Estudantes do Chile se dividem após líderes apoiarem Bachelet

Muitos jovens criticam a decisão de entrar na coalizão da ex-presidente, que deve vencer as eleições de amanhã

RODRIGO CAVALHEIRO, ENVIADO ESPECIAL / SANTIAGO , O Estado de S.Paulo

16 de novembro de 2013 | 02h03

Há uma divisão no movimento estudantil responsável pelos protestos por educação gratuita que incendiaram o Chile e foram decisivos para baixar a popularidade do presidente Sebastián Piñera a 30%, a pior de um líder chileno ao fim de um mandato.

Embora tenha conseguido que a provável vencedora na eleição de amanhã, Michelle Bachelet, inclua o ensino gratuito como prioridade, parte da base estudantil considera traidores líderes como Camila Vallejo, que usará sua projeção para garantir uma vaga como deputada pelo Partido Comunista, na coalizão de Bachelet.

"Essa decisão foi dolorosa para muitos estudantes. Camila disse que não pediria votos para Bachelet, mas acabou fazendo", diz Daniel Hason, de 23 anos, estudante de medicina da Universidad de Santiago.

Como uma espécie de punição à adesão de ao menos cinco líderes à corrida ao Parlamento, o Partido Comunista, que entrou na coalizão de Bachelet, sofreu uma derrota sem precedentes na votação que definiu, na quarta-feira, a nova presidente da Federação de Estudantes do Chile (Fech). "Os comunistas ficaram em terceiro e há consenso de que foi uma punição por terem entrado no movimento de Bachelet, que, para os estudantes, não fez o que prometeu na educação", afirma Daniel.

Nenhum estudante chileno ouve tantas questões sobre as fissuras no movimento e sobre a estratégia ideal para reativar os protestos do que Melissa Sepúlveda. "Anarquista de orientação libertária", ela foi eleita presidente da Fech, cargo em que Camila ficou famosa. E assumiu um discurso mais duro do que o da ex-líder.

"Não concordo com a estratégia dela (Camila), pois, com a Constituição atual, não se pode fazer reforma educacional por meio do Parlamento. Mas acho demais acusá-los de traidores. A Concertação (grupo de Bachelet), em 20 anos, não fez nada para mudar a injustiça no sistema educacional. Não vamos deixar que ela nos engane", disse Melissa ao Estado.
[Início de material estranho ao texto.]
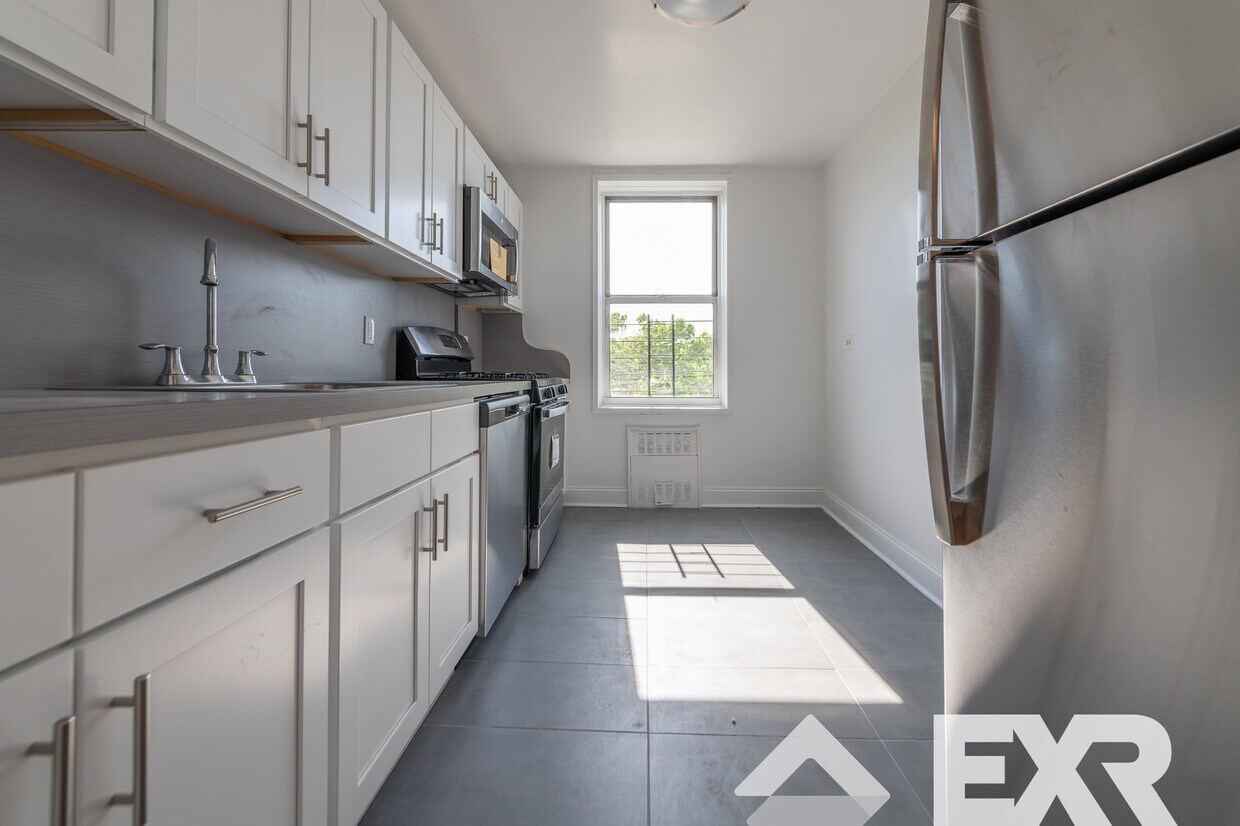 Foto principal - 3310 Nostrand Ave.
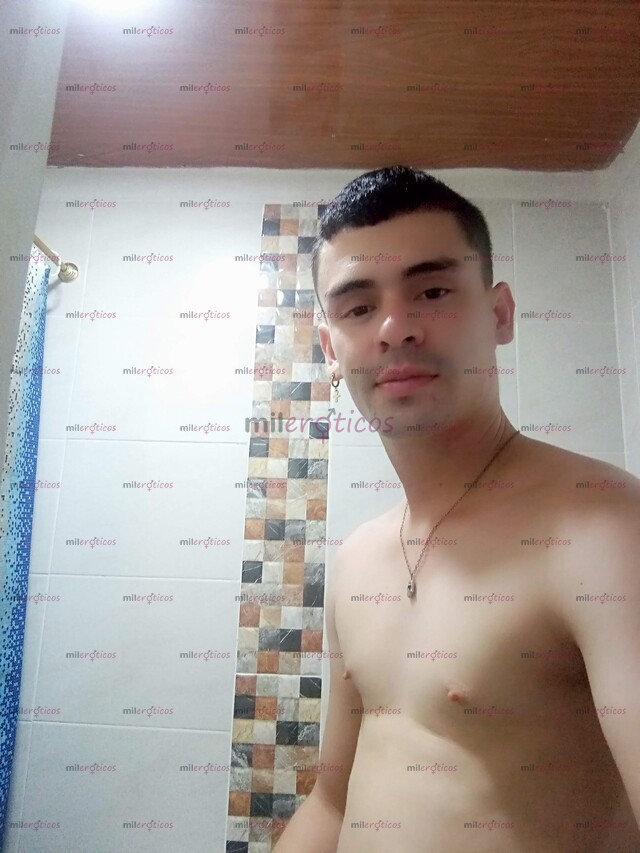 FOTOS DE FULL MORBOSO ...CALEÑO ARRECHO..MENTE ABIERTA..18 CM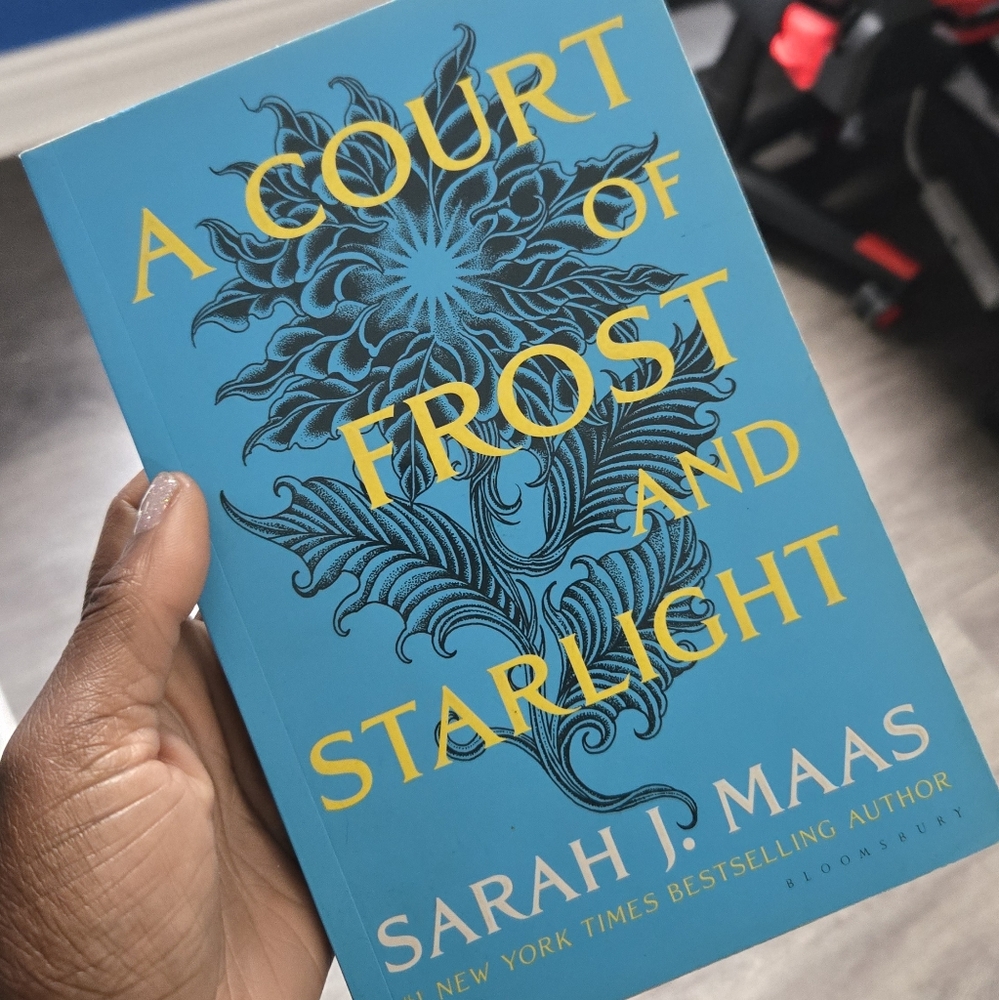 A Court of Frost and Starlight - Sarah J. Maas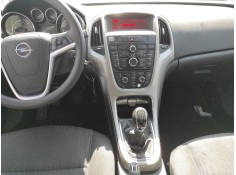 opel astra j lim. del año 2010 2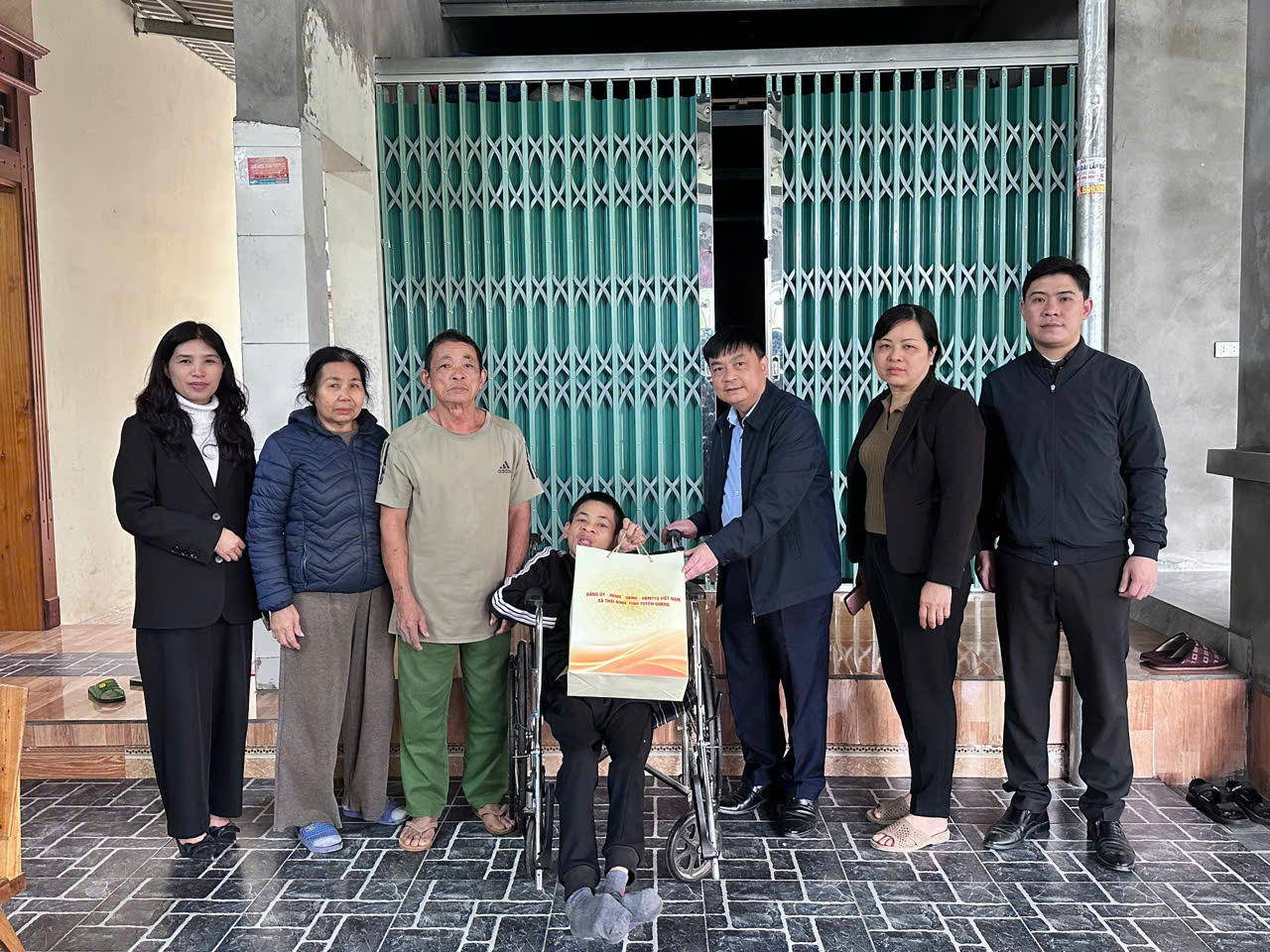 Đồng chí Vũ Mạnh Cường thăm, tặng quà các gia đình chính sách, hộ nghèo trên địa bàn xã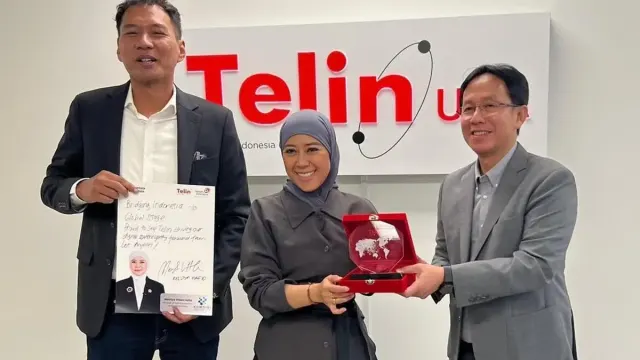 Meutya Hafid Minta Telin Perkuat Konektivitas Digital Global Indonesia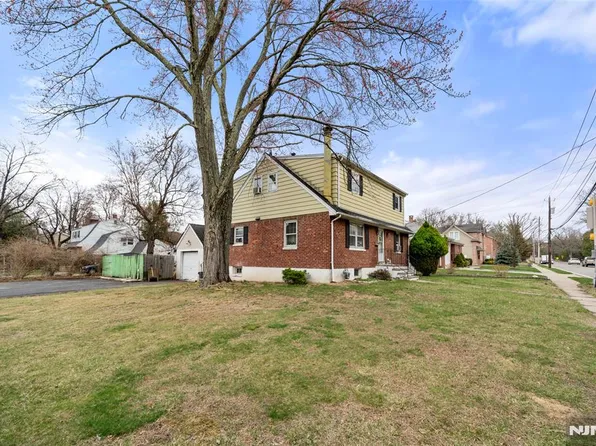 110 County Rd, Demarest, NJ 07627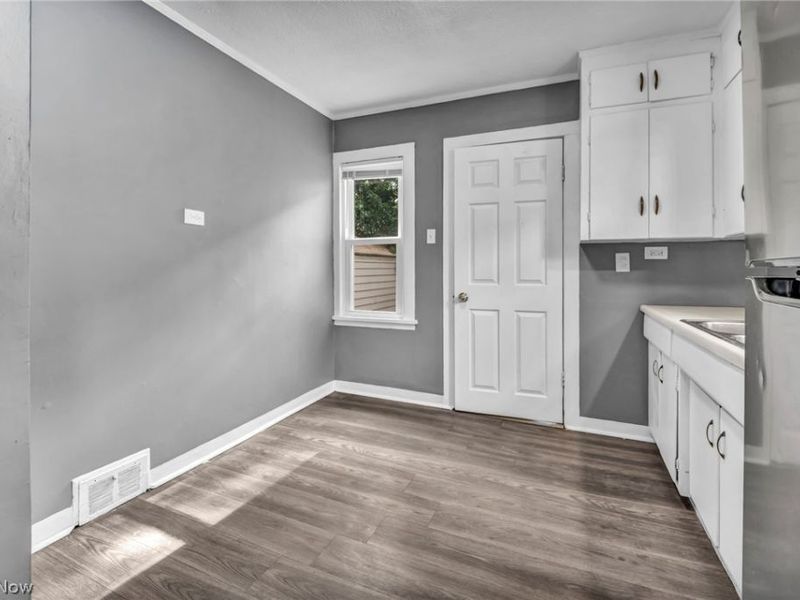 1247 Dietz Avenue, Akron, OH 44301 Photo 16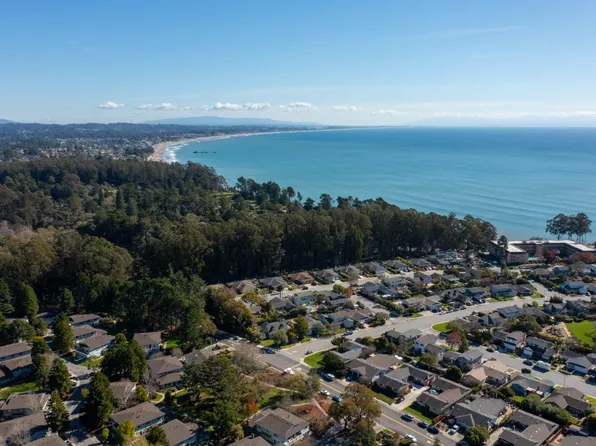 1009 Sir Francis Ave, Capitola, CA 95010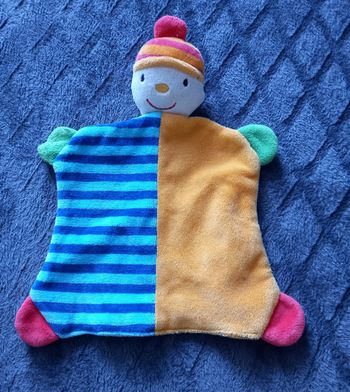 Doudou plat bonhomme orange ,bleu rayés- Baby Club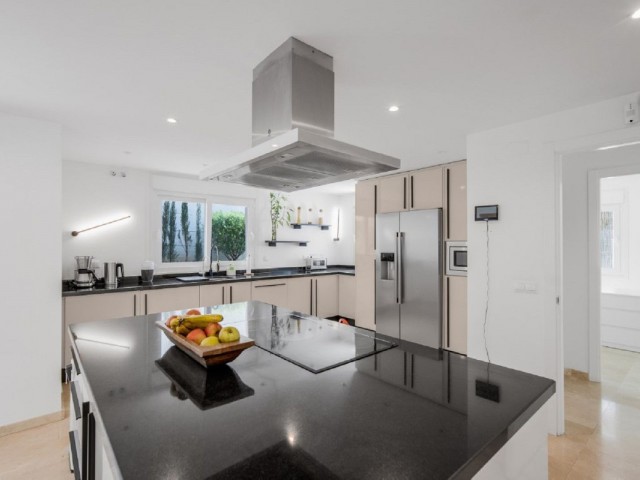 Villa, Nueva Andalucia, R4420990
Por mais que Bachelet seja considerada uma candidata de centro-esquerda fora do Chile, ela é criticada no universo acadêmico por manter alianças com democratas-cristãos, conservadores em temas como aborto e casamento entre homossexuais.

"As candidaturas vindas do movimento estudantil são um fenômeno recente. Eram comuns nos anos 60 e ressurgiram agora", diz o sociólogo Augusto Varas, presidente da Fundação Equitas. Sobre uma trégua entre os novos líderes e futura presidente, ele é pessimista. "A lua de mel será muito curta."

Melissa critica a expectativa sobre a eleição que marca os 40 anos do golpe de Estado que tirou Salvador Allende do poder. Nos últimos dias, ela tem rebatido as acusações de ter desestimulado o voto amanhã. "A democracia não se resume a depositar um voto. Nosso país não tem mecanismos de fiscalização das promessas dos políticos, não há participação suficiente", diz a líder estudantil.

No Chile, praticamente não há dúvidas sobre a vitória de Bachelet, que governou o país de 2006 a 2010. Debate-se se ela ganharia no primeiro turno ou precisaria de uma nova votação para derrotar a conservadora Evelyn Matthei, da Aliança Democrática Independente.